In December 2012 Fr. Francis was appointed as the administrator of the Wuhan diocese and Vicar of the cathedral, after the previous administrator of the diocese Father Shen Guoan was dismissed for disloyalty to the Chinese government. In 2016 he was appointed as deputy secretary of the state-controlled (although not Vatican recognized) Bishops' Conference of the Catholic Church in China.

==Ordination==
The Chinese government amalgamated three neighbouring dioceses, including the Archdiocese of Hankou, into the diocese of Wuhan, without approval from the Vatican. As a result, the bishops of Wuhan within the state-controlled Chinese Catholic Church are bishops of Wuhan, rather than archbishops of Hankou. In 2007, Bernardine Dong Guangqing who was the state-approved bishop of Wuhan died. In the same year Pope Benedict had issued a letter that recognized most of the state-approved bishops in China as being in communion with Rome and which tried to work towards progress in resolving the issues surrounding the difficult situation between the Vatican, the Chinese Catholic Church and the Chinese government. The Chinese government did not select a new bishop for the unrecognized diocese of Wuhan after Bishop Bernardine's death in 2007.
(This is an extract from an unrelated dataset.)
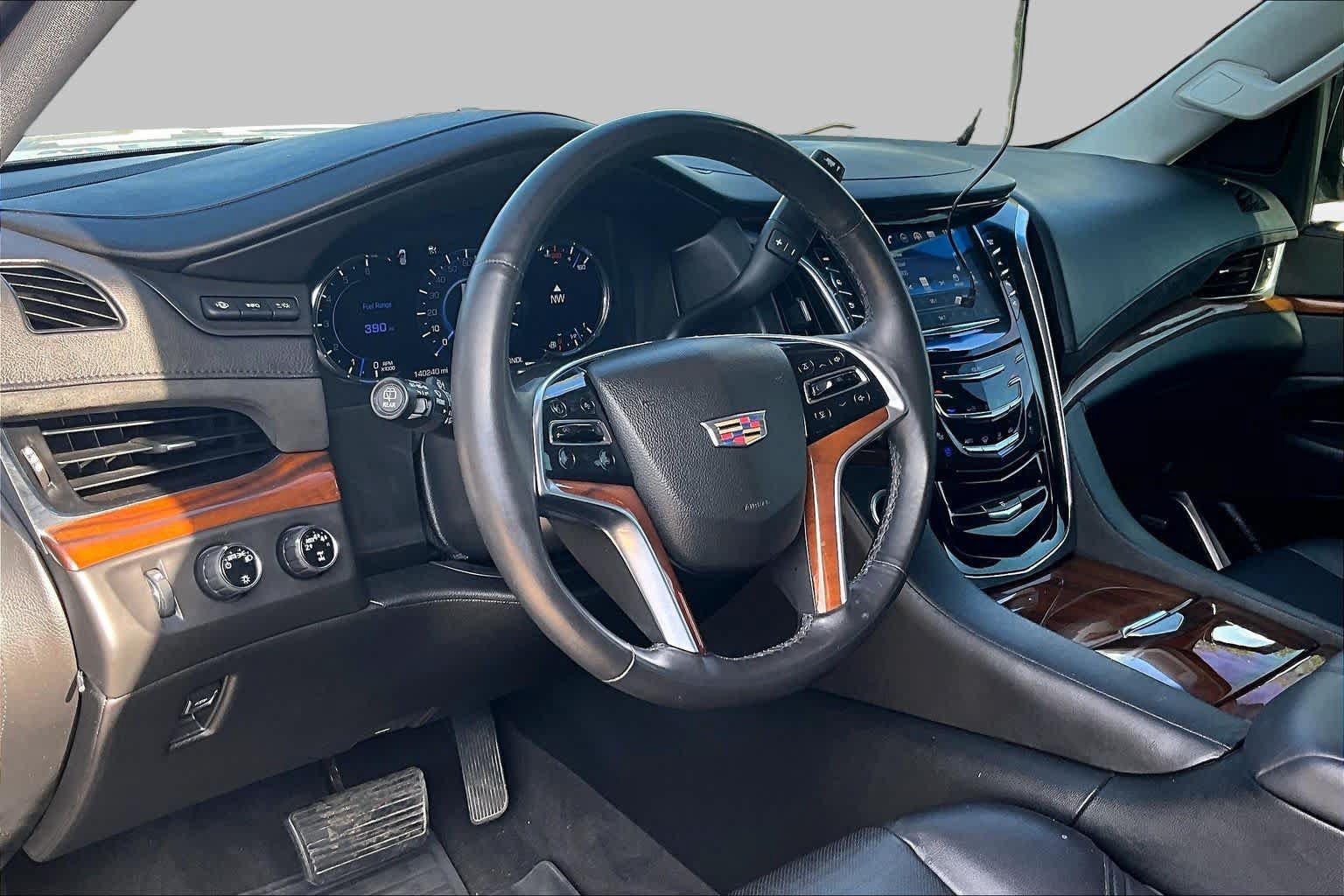 Used 2017 Cadillac Escalade ESV Premium Luxury AWD/4WD image 18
In 2018 a secret agreement was reached between the Vatican and the Chinese government that allowed for the recognition of all the state-approved bishops and the creation of a mutually agreed framework for the appointment of new bishops. In September 2020, Fr. Francis was nominated by the government to become the new bishop of Wuhan. In June 2021, Pope Francis gave his approval to the ordination. He was ordained on September 8 (the feast of the birth of the Virgin Mary) at St. Joseph's Cathedral, Wuhan, which was also the previous seat of the Archbishop of Hankou. His principal consecrator was Ma Yinglin of the archdiocese of Kunming. Co-consecrators were Archbishop Joseph Li Shan of the archdiocese of Beijing and Bishop Shen Bin of the diocese of Haimen.